President of national conservative think-tank urges return to democracy characterized by civil society

The Liberty University School of Law hosted its first Speakers’ Forum of the semester on Wednesday, Sept. 28, and invited students and citizens to listen in as the featured speaker, Edwin Feulner, the president of the Heritage Foundation, presented the idea that “civil society is more urgent today than ever before.”

Feulner

The event was a joint-effort between the School of Law and the Helm’s School of Government but took place in the Law School’s Supreme Courtroom at the request of Provost and Vice-Chancellor of Liberty Ron Godwin.

“I think it was of great value to Liberty to have Dr. Feulner,” Godwin said. “He is the head of the preeminent, conservative, intellectual fountainhead in the United States.”

According to Mat Staver, the dean of the Liberty School of Law, this was Feulner’s first visit to Liberty, and “he was blown away by what he saw and experienced.”

Feulner focused his speech on the topics of democracy and civil society, incorporating anecdotes of Alexis de Tocqueville, the renowned French political theorist and thinker, who was pivotal in recognizing what made 19th century American democracy significant and rich and developing insights on what is necessary to preserve it, according to Feulner. Tocqueville predicted, and Feulner corroborated in his speech, that what is essential to democracy is a civil society.

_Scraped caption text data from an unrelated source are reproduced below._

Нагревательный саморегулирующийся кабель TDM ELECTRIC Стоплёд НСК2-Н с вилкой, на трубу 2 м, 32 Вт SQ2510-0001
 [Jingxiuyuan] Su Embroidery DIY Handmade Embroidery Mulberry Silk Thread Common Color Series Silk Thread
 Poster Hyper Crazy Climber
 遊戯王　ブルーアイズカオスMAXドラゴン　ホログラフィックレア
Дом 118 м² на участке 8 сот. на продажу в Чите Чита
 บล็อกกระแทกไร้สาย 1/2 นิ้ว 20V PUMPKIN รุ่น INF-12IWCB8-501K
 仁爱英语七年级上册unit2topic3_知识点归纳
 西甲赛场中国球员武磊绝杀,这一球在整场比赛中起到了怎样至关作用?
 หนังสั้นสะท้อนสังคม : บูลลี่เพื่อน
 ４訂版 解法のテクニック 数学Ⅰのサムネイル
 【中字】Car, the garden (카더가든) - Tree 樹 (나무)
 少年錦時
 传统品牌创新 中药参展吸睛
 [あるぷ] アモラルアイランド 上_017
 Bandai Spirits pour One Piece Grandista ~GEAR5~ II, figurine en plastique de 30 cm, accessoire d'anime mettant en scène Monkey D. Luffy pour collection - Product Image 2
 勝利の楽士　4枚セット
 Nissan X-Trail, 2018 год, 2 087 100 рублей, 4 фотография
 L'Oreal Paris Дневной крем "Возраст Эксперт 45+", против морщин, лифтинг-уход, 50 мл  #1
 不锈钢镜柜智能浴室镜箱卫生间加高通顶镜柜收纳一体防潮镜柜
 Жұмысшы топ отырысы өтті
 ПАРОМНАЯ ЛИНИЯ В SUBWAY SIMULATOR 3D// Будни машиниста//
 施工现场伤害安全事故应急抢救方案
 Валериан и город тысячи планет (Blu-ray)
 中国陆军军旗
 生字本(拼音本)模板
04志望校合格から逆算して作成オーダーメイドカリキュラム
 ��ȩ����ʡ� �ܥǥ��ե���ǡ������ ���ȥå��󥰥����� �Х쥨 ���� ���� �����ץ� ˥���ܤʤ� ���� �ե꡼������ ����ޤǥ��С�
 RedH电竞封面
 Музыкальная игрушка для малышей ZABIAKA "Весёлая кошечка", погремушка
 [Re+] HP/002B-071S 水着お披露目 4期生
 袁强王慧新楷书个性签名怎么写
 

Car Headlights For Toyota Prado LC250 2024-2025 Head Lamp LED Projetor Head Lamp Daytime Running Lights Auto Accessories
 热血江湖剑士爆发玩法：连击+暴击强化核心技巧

Feulner said that Tocqueville’s approach to democracy and civil society, which the Heritage Foundation attempts to mirror, can be boiled down into two simple equations.

“Equation one: democracy plus a vibrant civil society equals freedom and justice,” Feulner said. “Equation two: democracy minus a vibrant civil society equals tyranny, albeit of a soft, democratic style.”

Feulner used what he called the progressives’ hatred of the Tea Party movement as an argument as to why it is now critical to take heed of Tocqueville’s predictions that the nature of democracy without a civil society would be democratic despotism.

“We as Americans need to regain something of Tocqueville’s sense of awe and wonder at the power, the ingenuity and the creativity of civil society,” Feulner said.

In a short question-and-answer period, Feulner fielded topics such as America’s monetary structure, foreign policy and status as a hegemon.

“Ed Feulner is one of America’s finest conservative minds,” Dean of the Helms School of Government Shawn Akers said. “The work he does through The Heritage Foundation sets the standard for public policy research and influence. He was in his element addressing our students, and they thoroughly enjoyed the opportunity to meet him and learn from him.”